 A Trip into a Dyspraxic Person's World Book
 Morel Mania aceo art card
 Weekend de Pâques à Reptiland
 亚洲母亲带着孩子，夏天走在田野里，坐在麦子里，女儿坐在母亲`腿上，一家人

* * *

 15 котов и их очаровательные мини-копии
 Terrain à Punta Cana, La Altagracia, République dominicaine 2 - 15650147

---

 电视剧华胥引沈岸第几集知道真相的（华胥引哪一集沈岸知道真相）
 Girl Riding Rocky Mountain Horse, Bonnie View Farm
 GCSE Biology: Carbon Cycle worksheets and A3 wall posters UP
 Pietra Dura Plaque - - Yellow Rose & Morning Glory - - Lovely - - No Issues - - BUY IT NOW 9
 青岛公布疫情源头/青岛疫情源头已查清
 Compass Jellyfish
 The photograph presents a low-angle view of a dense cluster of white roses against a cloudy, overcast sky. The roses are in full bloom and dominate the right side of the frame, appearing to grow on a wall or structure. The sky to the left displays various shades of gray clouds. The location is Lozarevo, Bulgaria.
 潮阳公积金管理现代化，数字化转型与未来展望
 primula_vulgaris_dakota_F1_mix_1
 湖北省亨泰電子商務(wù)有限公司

§ TASK REQUIREMENTS:
Report, from the entries above, each line where "wall" is found.

§ SOLUTION FOR THIS PROBLEM:
 GCSE Biology: Carbon Cycle worksheets and A3 wall posters UP
 The photograph presents a low-angle view of a dense cluster of white roses against a cloudy, overcast sky. The roses are in full bloom and dominate the right side of the frame, appearing to grow on a wall or structure. The sky to the left displays various shades of gray clouds. The location is Lozarevo, Bulgaria.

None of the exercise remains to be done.